▶ **To do**:
Repeat word for word the lines from the one containing "thumbnail image 1" to the end of the material below, and leave all pictures out.

▶ **Data below**:
————

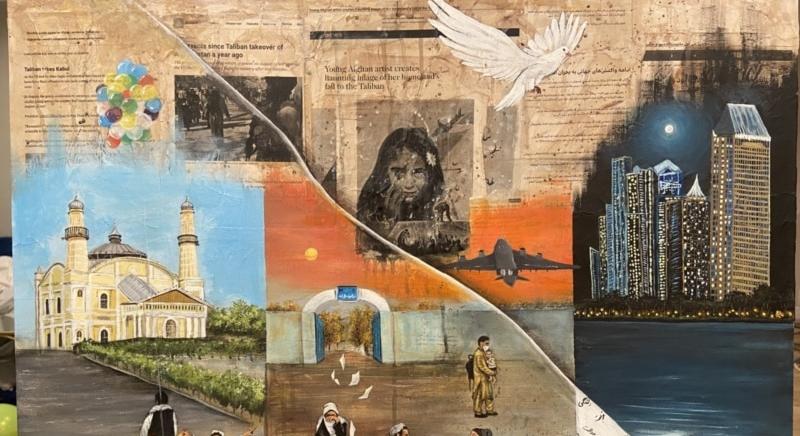Művészet, terápia: afgán nők festményei a tálib uralomról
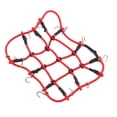 thumbnail image 1 of Red Elástica Rack con para 1/8 1/10 RC Rock Crawler Car rojo Sunnimix Escala RC Luggage Net, 1 of 6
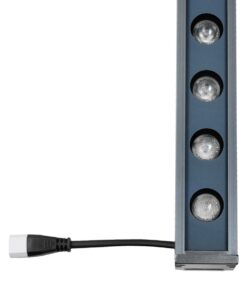 GLOBOSTAR® WASHERMARGO 90155 Μπάρα Φωτισμού Wall Washer LED 24W 2040lm 30° DC 24V Αδιάβροχο IP66 Ροζ Dimmable – Bridgelux SMD Chip – Γκρι Ανθρακί – Μ100 x Π4 x Υ5cm – 3 Χρόνια Εγγύηση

————

▶ **Finished task**:
 thumbnail image 1 of Red Elástica Rack con para 1/8 1/10 RC Rock Crawler Car rojo Sunnimix Escala RC Luggage Net, 1 of 6
 GLOBOSTAR® WASHERMARGO 90155 Μπάρα Φωτισμού Wall Washer LED 24W 2040lm 30° DC 24V Αδιάβροχο IP66 Ροζ Dimmable – Bridgelux SMD Chip – Γκρι Ανθρακί – Μ100 x Π4 x Υ5cm – 3 Χρόνια Εγγύηση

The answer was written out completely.